[Opening Source data section]

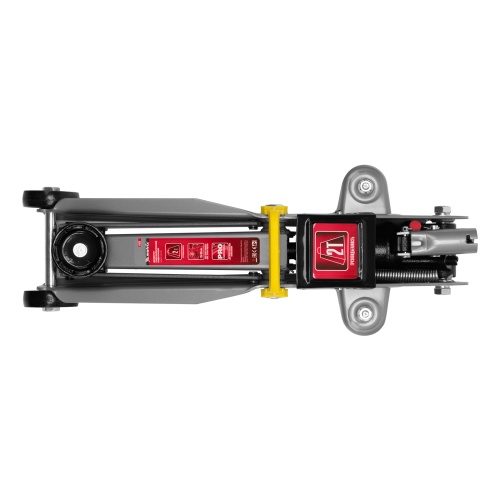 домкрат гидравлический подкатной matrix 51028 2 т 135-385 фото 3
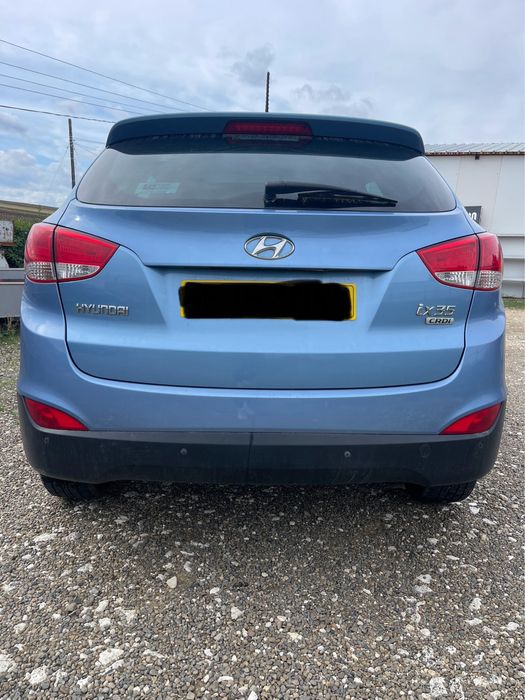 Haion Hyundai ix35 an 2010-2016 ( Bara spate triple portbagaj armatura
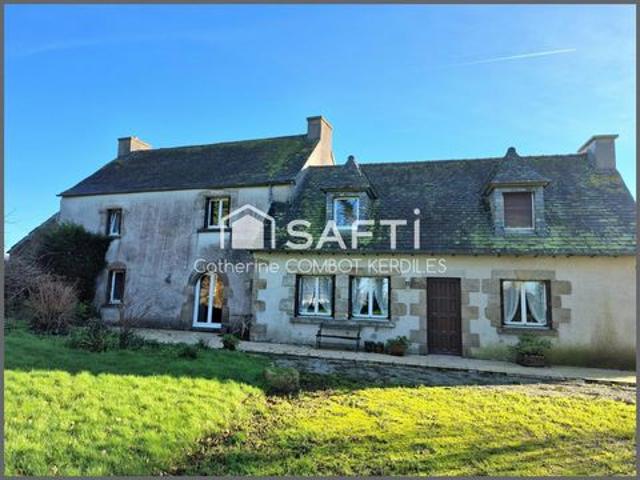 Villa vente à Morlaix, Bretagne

[Closing Source data section]

Task directions
The pictures in the listing above are to be dropped, and everything else reproduced exactly.

Exercise solution
 домкрат гидравлический подкатной matrix 51028 2 т 135-385 фото 3
 Haion Hyundai ix35 an 2010-2016 ( Bara spate triple portbagaj armatura
 Villa vente à Morlaix, Bretagne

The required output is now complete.